The Brascamp--Lieb inequality on compact Lie groups and its extinction on homogeneous Lie groups

TL;DR

This paper investigates the Brascamp--Lieb inequalities on various Lie groups, establishing when the constants are finite or infinite, and relating group inequalities to their Lie algebra counterparts, with specific results for homogeneous and compact Lie groups.

Contribution

It extends Brascamp--Lieb inequalities to nonabelian Lie groups, characterizes the constants on homogeneous and compact groups, and relates group inequalities to algebraic structures.

Findings

On homogeneous Lie groups, the Brascamp--Lieb constant equals that of the Lie algebra.

For Heisenberg-like groups, only multilinear H"older inequalities occur.

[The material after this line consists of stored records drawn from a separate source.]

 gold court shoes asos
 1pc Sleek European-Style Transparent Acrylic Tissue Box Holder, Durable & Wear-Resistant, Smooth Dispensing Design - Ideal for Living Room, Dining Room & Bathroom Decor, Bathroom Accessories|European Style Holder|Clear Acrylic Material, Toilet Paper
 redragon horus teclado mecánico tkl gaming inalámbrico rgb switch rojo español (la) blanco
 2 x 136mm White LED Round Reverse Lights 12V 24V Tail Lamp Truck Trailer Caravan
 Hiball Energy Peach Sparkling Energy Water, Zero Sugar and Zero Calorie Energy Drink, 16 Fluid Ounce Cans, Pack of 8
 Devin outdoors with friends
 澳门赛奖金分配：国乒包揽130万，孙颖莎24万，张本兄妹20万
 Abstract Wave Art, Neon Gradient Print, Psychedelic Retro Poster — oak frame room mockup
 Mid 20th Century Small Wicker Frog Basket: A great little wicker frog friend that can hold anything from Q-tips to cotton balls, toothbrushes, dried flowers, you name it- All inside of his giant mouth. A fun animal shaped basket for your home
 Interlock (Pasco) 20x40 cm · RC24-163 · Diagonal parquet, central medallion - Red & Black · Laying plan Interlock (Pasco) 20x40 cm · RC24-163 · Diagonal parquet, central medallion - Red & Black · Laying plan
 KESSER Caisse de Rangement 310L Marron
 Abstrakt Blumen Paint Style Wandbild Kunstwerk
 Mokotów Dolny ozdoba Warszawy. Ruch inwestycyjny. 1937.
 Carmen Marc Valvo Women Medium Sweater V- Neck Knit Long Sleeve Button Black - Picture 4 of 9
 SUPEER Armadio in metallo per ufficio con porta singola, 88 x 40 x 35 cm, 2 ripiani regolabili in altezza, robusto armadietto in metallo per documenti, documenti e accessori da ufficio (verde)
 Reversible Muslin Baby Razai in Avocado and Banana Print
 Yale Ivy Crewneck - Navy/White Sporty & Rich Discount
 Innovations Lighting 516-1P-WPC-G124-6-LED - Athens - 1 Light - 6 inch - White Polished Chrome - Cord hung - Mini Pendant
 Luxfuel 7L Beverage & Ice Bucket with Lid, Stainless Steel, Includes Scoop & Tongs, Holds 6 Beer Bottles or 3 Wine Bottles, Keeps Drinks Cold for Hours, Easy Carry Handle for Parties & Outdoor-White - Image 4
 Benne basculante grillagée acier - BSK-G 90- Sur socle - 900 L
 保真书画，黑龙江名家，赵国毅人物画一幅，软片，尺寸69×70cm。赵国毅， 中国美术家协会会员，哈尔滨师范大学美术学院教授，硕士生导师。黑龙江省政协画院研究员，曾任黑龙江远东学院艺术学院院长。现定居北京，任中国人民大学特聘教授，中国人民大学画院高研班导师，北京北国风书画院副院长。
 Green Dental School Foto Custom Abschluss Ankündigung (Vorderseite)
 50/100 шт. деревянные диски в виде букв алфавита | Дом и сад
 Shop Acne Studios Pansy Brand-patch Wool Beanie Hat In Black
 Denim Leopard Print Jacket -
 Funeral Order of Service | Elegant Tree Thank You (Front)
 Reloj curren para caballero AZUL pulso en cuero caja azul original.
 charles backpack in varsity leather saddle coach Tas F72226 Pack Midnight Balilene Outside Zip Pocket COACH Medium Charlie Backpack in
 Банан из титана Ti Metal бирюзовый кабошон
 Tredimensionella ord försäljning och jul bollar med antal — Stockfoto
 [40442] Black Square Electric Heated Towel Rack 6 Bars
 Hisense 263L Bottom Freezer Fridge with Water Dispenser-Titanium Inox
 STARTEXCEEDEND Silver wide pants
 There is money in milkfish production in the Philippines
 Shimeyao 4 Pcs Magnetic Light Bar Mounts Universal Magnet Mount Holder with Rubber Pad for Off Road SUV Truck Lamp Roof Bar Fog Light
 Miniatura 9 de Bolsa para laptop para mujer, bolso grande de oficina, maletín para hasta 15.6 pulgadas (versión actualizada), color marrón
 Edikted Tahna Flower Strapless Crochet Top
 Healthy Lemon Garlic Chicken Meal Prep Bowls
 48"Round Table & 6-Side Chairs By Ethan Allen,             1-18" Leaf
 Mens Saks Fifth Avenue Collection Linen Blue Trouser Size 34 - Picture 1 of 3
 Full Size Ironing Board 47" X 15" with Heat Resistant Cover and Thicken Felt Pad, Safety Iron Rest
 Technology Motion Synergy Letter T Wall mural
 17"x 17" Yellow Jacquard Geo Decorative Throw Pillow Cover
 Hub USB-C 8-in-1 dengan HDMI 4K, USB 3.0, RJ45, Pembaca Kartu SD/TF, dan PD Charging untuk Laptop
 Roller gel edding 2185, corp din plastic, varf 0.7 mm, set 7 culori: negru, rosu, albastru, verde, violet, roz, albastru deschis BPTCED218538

Necessary and sufficient conditions for finiteness of the constant on compact Lie groups.

Abstract

We study the Brascamp--Lieb inequalities on locally compact nonabelian groups and the Brascamp--Lieb constants $\mathbf{BL}(G, \boldsymbol{\sigma}, \boldsymbol{p})$ associated to a Brascamp--Lieb datum: locally compact groups $G$ and $G_j$, a family of homomorphisms $\sigma_j: G \to G_j$ and Lebesgue indices $p_j$. We focus on homogeneous Lie groups and compact Lie groups. For homogeneous Lie groups $G$, we show that the constant $\mathbf{BL}(G, \boldsymbol{\sigma}, \boldsymbol{p})$ is equal to the constant $\mathbf{BL}(\mathfrak{g}, \boldsymbol{\mathrm{d}\sigma}, \boldsymbol{p})$, where $\mathfrak{g}$ is the Lie algebra of $G$ and $\mathrm{d}\sigma_j$ is the differential of $\sigma_j$. For Heisenberg-like groups $G$, we show that the only inequalities that can occur are multilinear H\"older inequalities. For compact Lie groups, we find necessary and sufficient conditions for finiteness of the constant $\mathbf{BL}(G, \boldsymbol{\sigma}, \boldsymbol{p})$ in terms of $\boldsymbol{\sigma}$ and $\boldsymbol{p}$ and find an explicit expression for the constant, similar to those found by Bennett and Jeong in the abelian case.